Seismic fragility of free-standing rocking-sliding rigid blocks under earthquake excitation

The seismic fragility of free-standing rigid blocks under earthquake excitation is investigated, focusing on the combined effect of rocking and sliding in their dynamic response. A variational-based formulation of the non-smooth contact dynamics method is employed for the problem solution, requiring the solution of a quadratic programming problem at each time step in the three unknown block scalar velocities. Such an approach efficiently captures all possible block response modes, including rocking, sliding, rocking-sliding, and free flight.
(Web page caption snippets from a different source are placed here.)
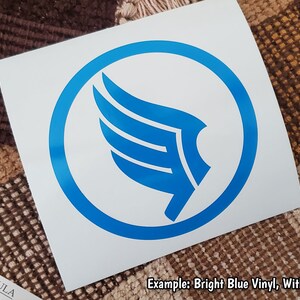K&ouml;nnte beinhalten: Ein hellblauer Vinyl-Aufkleber mit einem stilisierten Fl&uuml;gel, der von einem Kreis umgeben ist. Der Aufkleber befindet sich auf einem wei&szlig;en Hintergrund. Beispiel: Hellblauer Vinyl, mit Kreis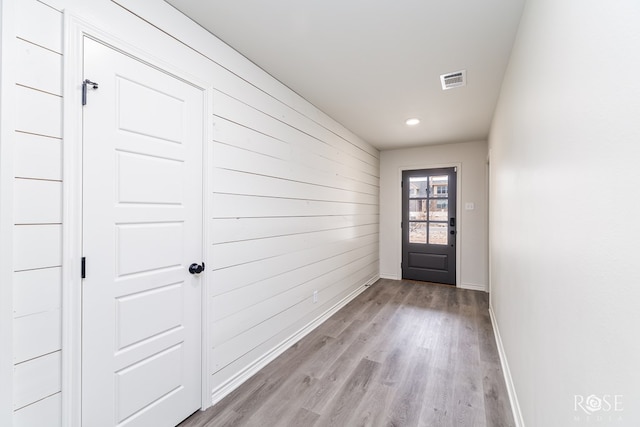 doorway to outside with light wood finished floors, visible vents, wooden walls, and baseboards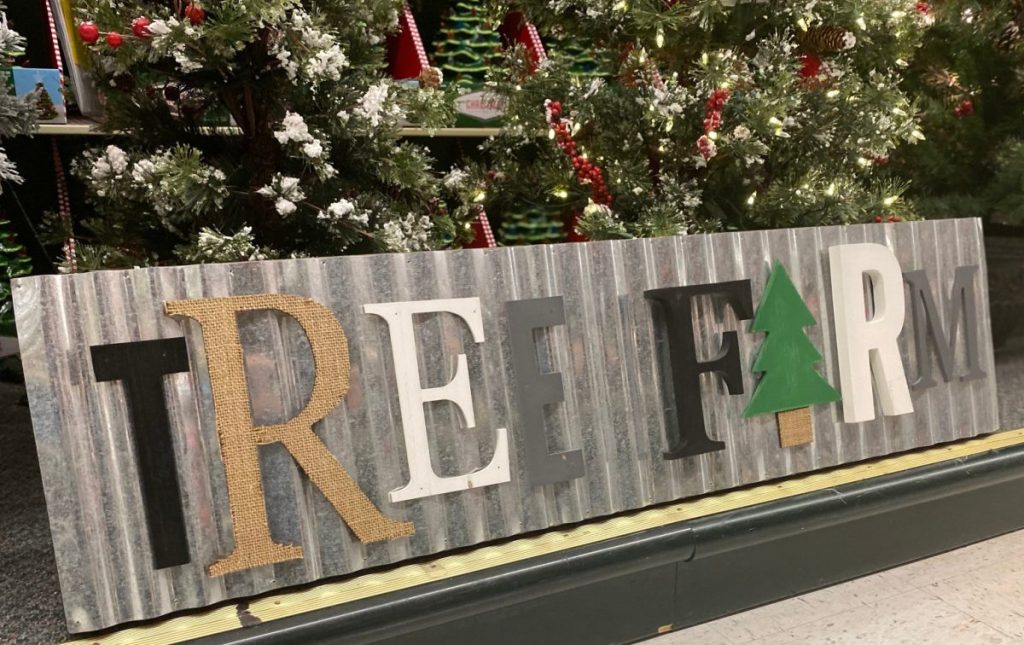 large tree farm wall sign in front of Christmas trees in store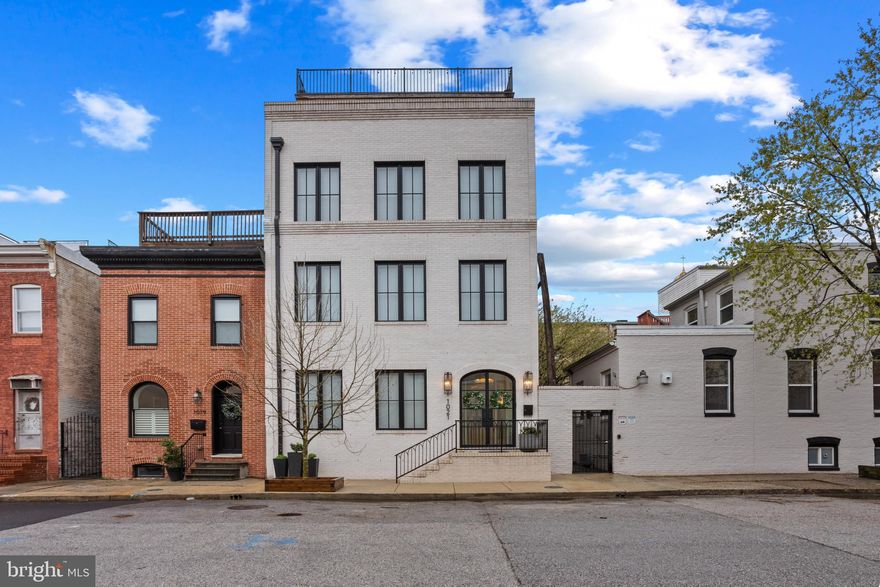 Exceptional and Rare Custom Built Baltimore City Town home with Unmatched Views!  Discover a one-of-a-kind urban retreat offering over 6,000 sq ft of luxurious living space with breathtaking city and water views.  This extraordinary residence seamlessly blends elegance, space, and convenience in an unparalleled location.  

This home offers 6 bedrooms, 6 full bathrooms and 2 half baths, theatre room, office, entry level mudroom with laundry.  The second floor has 3 large bedrooms, 3 full baths and a well-equipped laundry room.  Take the oversized elevator to the third floor which features a stunning open-concept kitchen and living room, perfect for both everyday living and entertaining.  The gourmet chef's kitchen is outfitted with high-end wolfe and subzero appliances, elegant soapstone and quartzite countertops and custom cabinetry.  A well designed butler's pantry helps with prep and storage.  The spacious living area offers a cozy gas fireplace, custom built-ins and an abundance of natural light.

The  luxurious 4th floor primary suite offers a private retreat, featuring spacious sitting room with a wet bar and half bath - ideal for relaxing or entertaining.  The suite offers a stunning marble-clad primary bathroom with high-end finishes and spa-like amenities.  A private staircase provides direct access to the expansive rooftop deck with incredible views of downtown and the water.

Built with the highest quality materials including spray foam and rockwool sound proof insulation, white oak herringbone flooring, 8 foot solid core doors, custom inlaid wood cabinetry with mahogany drawers, 2 separate carrier HVAC gas units with 4 zones, 2 separate on demand gas water heaters.   Full home theatre and audio throughout with security cameras and in-wall Ipads installed on every level for convenient access.  Full home water filtration system, 3 laundry rooms, heated floors in every bathroom and mudroom, automatic custom curtains and roller shades.

Private, fully secluded rear patio has a wood burning fireplace and built-in pizza oven.  Relax and watch tv under the cafe lights in your own outdoor city oasis.

The detached 2-car garage is fully finished with granite garage flooring and full of extra closet and storage space.  The separate rear entrance provides private access to the 2 bedroom apartment with a full bathroom and laundry.  Perfect for an in-law suite, au pair or air bnb for extra income.  The home is located in a prime location - steps to the waterfront and all the top dining and shopping that the city has to offer.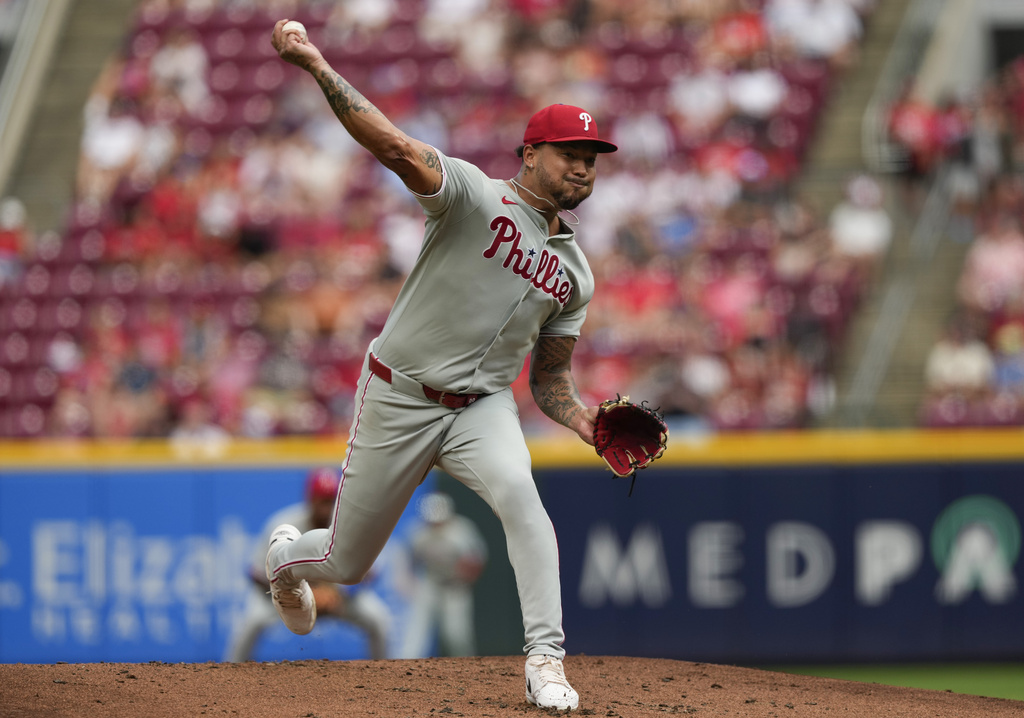 Philadelphia Phillies pitcher Taijuan Walker throws during the first inning of a baseball game against the Cincinnati Reds Monday, Aug. 11, 2025, in Cincinnati. (AP Photo/Carolyn Kaster)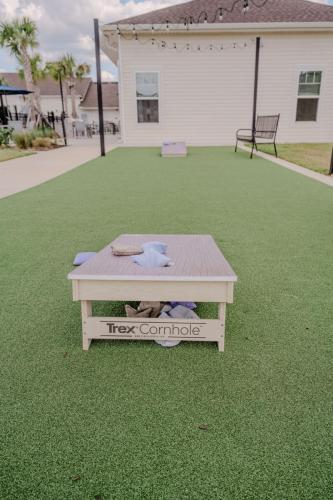 Apartments for rent in Ocala Outdoor cornhole game setup on artificial turf, featuring a Trex Cornhole board with bean bags scattered on and around it. Aurora St. Leon Apartments in Ocala 2150 NW 21st Avenue | Ocala, FL 34475 (352) 233-4133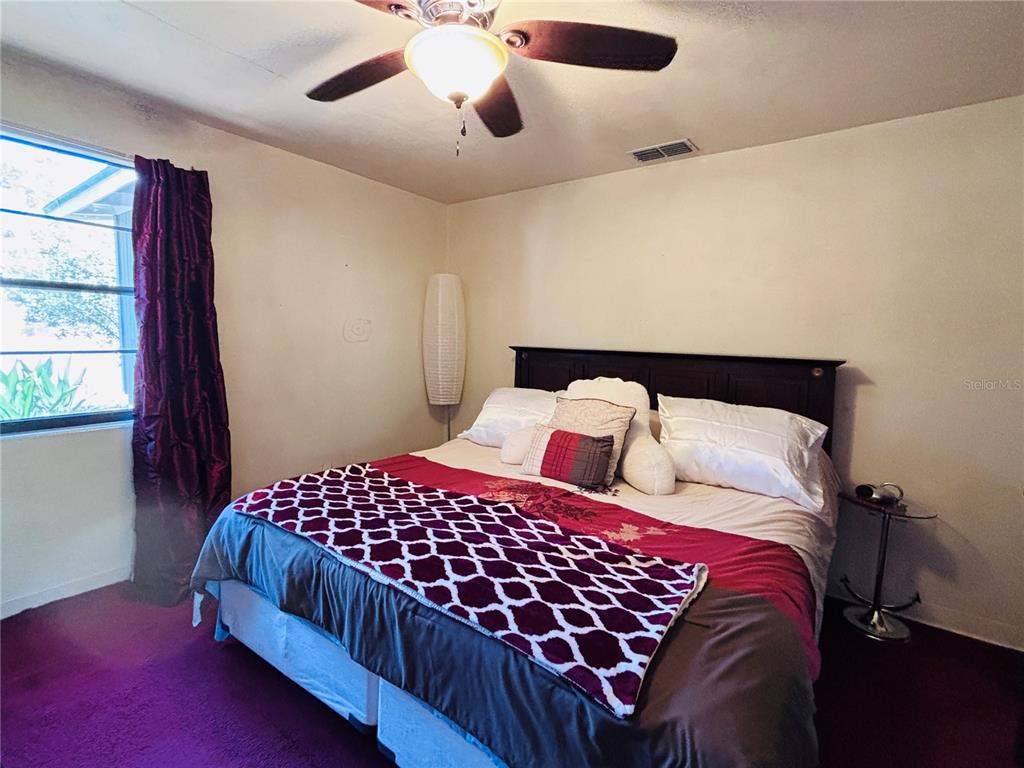 3137 Northwest 6th Street Gainesville, FL 32609 - Photo 5 of 11 a bedroom with a large bed and a window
The seismic fragility of both slender and stocky blocks is evaluated through a multiple-stripe analysis, introducing overturning-sliding fragility curves that account for overturning and excessive-sliding limit states. Numerical validation against benchmark results confirms the accuracy of the proposed formulation, showing that while a no-sliding assumption is reliable for slender blocks, it may prove unsafe for stocky blocks, even assuming high friction at the foundation. The resulting overturning-sliding fragility curves highlight the dependence of the block response on the normalized friction coefficient, defined as the ratio of the friction coefficient to the block slenderness. Blocks with a normalized friction coefficient below unity exhibit an isolation effect, preventing overturning at the cost of significant sliding. Conversely, blocks with normalized friction coefficient above unity undergo rocking-sliding or pure-rocking motion, which can lead to overturning. Accordingly, the overturning-sliding fragility curves are determined by the interplay between overturning and excessive-sliding limit states, as governed by a prescribed sliding displacement capacity. For typical values of the friction coefficient at the block-foundation interface, slender blocks are largely unaffected by sliding, whereas overturning-sliding or sliding fragility curves are crucial for accurately assessing the seismic performance of stocky blocks.